Retail is also regarded as a valuable amenity in a city whose neighborhoods are continuously evolving. This is reflected in where department stores are setting up their discount shops.
“Last Call is just a testament to the transformation that’s going on in Brooklyn,” said Mr. Mandell, referring to the borough’s wild popularity. The same could arguably be said about Off-Fifth’s location in Lower Manhattan; with Downtown’s resurgence and evolution into a 24/7 community, there is space for more retail players.
From a real estate perspective, the expansion of these chains has helped occupy the space vacated by big-box stores that have not survived, including Circuit City and Borders. (Ms. Consolo referred to these retailers as the “not-so-dearly departed.”)
“It’s a win-win,” she said.
So will the new Bloomingdale’s outlet on West 72nd Street survive steps away from where Loehmann’s met its end? Mr. Hodos says it remains to be seen.
“Bloomingdale’s has historically been a New York store,” he said. “It has the name Bloomingdale’s. They’re expert merchants. The people running Bloomingdale’s are very smart people … and [it] has Macy’s, Inc. behind them.” (Bloomingdale’s is owned by Macy’s, Inc.)
While it is all but impossible to predict how the influx of discount department stores will affect established players, Mr. Hodos expects that there will continue to be a large New York market for these goods, but perhaps with fewer players.
Here, Mr. Hodos sees a parallel between the discount retailers and the big-box stores.

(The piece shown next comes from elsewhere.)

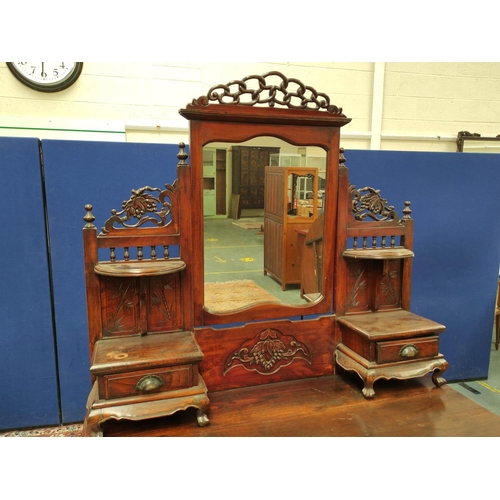 502 - Antique Chinese export lacquer dressing table, Origin Shanghai. In the European taste with pierced p...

“With the discount stores, there’s over-proliferation,” he said. “The strong ones will survive. The weak ones won’t be around. Staples has emerged as the dominant player in the office market. Petco is the dominant player in the pet market. A dozen years ago, there were five or six players in that market.”
Consolidation, Mr. Hodos said, is likely as more merchants continue to dive into the same pool.
“Just how there is in the auto industry, we’re still driving cars. There’s still Ford, Chrysler, GM. We just don’t have Pontiacs around anymore. It’s the same thing in retail.”